START DATA EXCERPTS
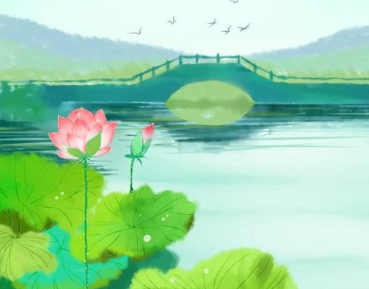 历史上有哪些描写夏季乡村的诗作？诗人眼中的乡村是怎样的？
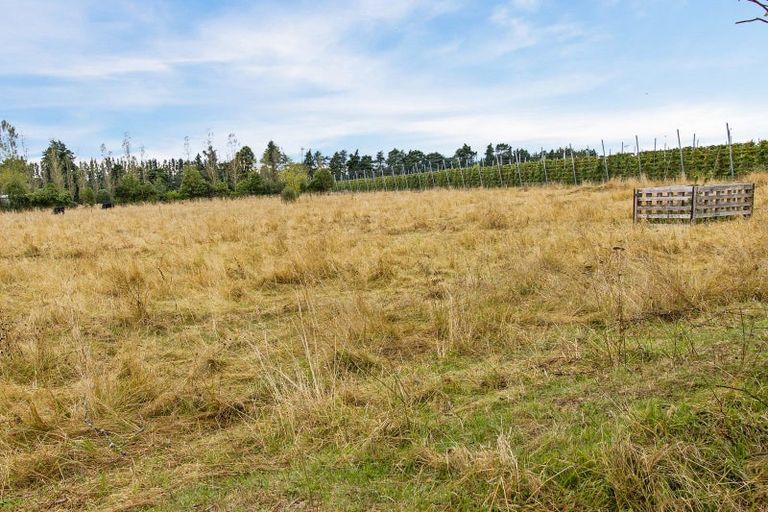 Photo of property in 476 Falvey Road, Levels, Timaru, 7975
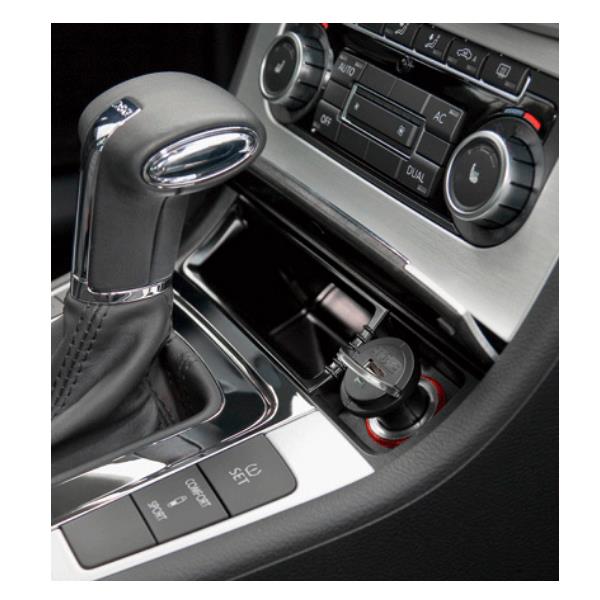 Ghost Charger USB Power 12-24 - immagine 5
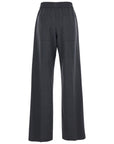 Brunello Cucinelli Elasticated-waist trousers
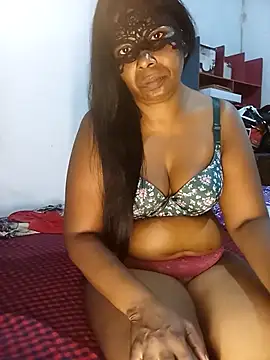 Aroma Sl online show from 11, 9, 2025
END DATA EXCERPTS
> **INSTRUCTIONS TO FOLLOW**: The whole listing above must be returned exactly as written, with no pictures carried over.

> **REPLY TO THE TASK**:
 历史上有哪些描写夏季乡村的诗作？诗人眼中的乡村是怎样的？
 Photo of property in 476 Falvey Road, Levels, Timaru, 7975
 Ghost Charger USB Power 12-24 - immagine 5
 Brunello Cucinelli Elasticated-waist trousers
 Aroma Sl online show from 11, 9, 2025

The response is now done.